Herr Minister Schünemann!

Herr Präsident! Meine Damen und Herren! Ich freue mich sehr, dass Sie auf die weitreichende Unterstützung der Kommunen im Bereich der interkommunalen Zusammenarbeit zu sprechen kommen. Wir haben dort seit drei Jahren einen sehr erfolgreichen Prozess in Gang gesetzt. Im gesamten Land gibt es nicht nur sehr viele Projekte, sondern sogar schon Umsetzungen. Wir haben eine Datenbank aufgebaut, aus der ersichtlich wird, was im ganzen Land schon passiert ist. Wir führen über die Regierungsvertretungen regelmäßig Veranstaltungen durch. In diesen Tagen finden wieder Beratungsgespräche mit der kommunalen Ebene statt. Das ist auf jeden Fall schon ein Erfolgsmodell.

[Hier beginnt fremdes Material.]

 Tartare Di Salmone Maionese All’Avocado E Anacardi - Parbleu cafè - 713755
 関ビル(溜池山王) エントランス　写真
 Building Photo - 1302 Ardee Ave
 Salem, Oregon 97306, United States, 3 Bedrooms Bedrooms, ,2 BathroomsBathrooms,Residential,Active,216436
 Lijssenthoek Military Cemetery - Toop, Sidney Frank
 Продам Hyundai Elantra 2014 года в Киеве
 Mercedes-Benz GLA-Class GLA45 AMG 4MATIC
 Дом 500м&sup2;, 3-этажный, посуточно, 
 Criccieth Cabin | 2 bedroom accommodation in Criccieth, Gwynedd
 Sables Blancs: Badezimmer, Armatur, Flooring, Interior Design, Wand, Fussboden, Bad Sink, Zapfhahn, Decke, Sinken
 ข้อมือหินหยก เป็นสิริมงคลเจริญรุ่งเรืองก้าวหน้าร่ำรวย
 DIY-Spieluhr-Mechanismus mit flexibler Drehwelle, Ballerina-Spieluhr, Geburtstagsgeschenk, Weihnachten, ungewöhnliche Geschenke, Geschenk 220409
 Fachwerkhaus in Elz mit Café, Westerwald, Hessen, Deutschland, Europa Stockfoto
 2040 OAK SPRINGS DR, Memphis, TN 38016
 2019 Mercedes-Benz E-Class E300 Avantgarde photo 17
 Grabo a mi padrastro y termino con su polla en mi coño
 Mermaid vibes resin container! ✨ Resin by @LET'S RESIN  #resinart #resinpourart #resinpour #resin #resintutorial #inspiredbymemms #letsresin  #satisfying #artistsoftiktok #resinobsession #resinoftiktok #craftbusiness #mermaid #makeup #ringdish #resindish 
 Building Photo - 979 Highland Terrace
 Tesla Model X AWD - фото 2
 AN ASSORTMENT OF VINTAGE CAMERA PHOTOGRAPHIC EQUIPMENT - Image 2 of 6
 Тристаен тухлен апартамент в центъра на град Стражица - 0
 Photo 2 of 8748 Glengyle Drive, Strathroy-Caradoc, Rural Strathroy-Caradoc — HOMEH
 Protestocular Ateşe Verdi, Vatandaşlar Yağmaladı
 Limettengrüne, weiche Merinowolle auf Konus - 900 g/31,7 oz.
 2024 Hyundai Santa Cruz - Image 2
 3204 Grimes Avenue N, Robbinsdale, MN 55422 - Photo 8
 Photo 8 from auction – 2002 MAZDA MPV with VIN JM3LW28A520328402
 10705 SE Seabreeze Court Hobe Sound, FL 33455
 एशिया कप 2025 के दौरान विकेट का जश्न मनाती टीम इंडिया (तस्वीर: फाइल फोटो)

Alles das, was wir im Land selber lösen können, und das, womit wir Erleichterungen für eine kommunale Zusammenarbeit erreichen können, haben wir schon auf den Weg gebracht. Aufgrund der NGO-Änderung kann die interkommunale Zusammenarbeit auch zwischen Landkreis und Gemeinde, also vertikal, organisiert werden. Das war bisher nur im Bereich Lüchow-Dannenberg aufgrund des entsprechenden Gesetzes möglich. Es ist aber ein Erfolgsmodell für das ganze Land.

Auf europäischer Ebene gab es tatsächlich teilweise Unsicherheiten, gerade in Bezug auf die Umsatzsteuer. In einem Großteil der Beratungsgespräche konnten wir auf die sehr eindeutige Auffassung des Bundesfinanzministers verweisen, sodass wir insofern Rechtssicherheit haben. Sofern es nicht irgendwann irgendwelche Urteile auf europäischer Ebene gibt, können wir zum jetzigen Zeitpunkt sehr optimistisch sein, dass es keine Hemmnisse durch die Europäische Union geben wird. Dazu ist auch das Bundesfinanzministerium sehr klar in seiner Aussage.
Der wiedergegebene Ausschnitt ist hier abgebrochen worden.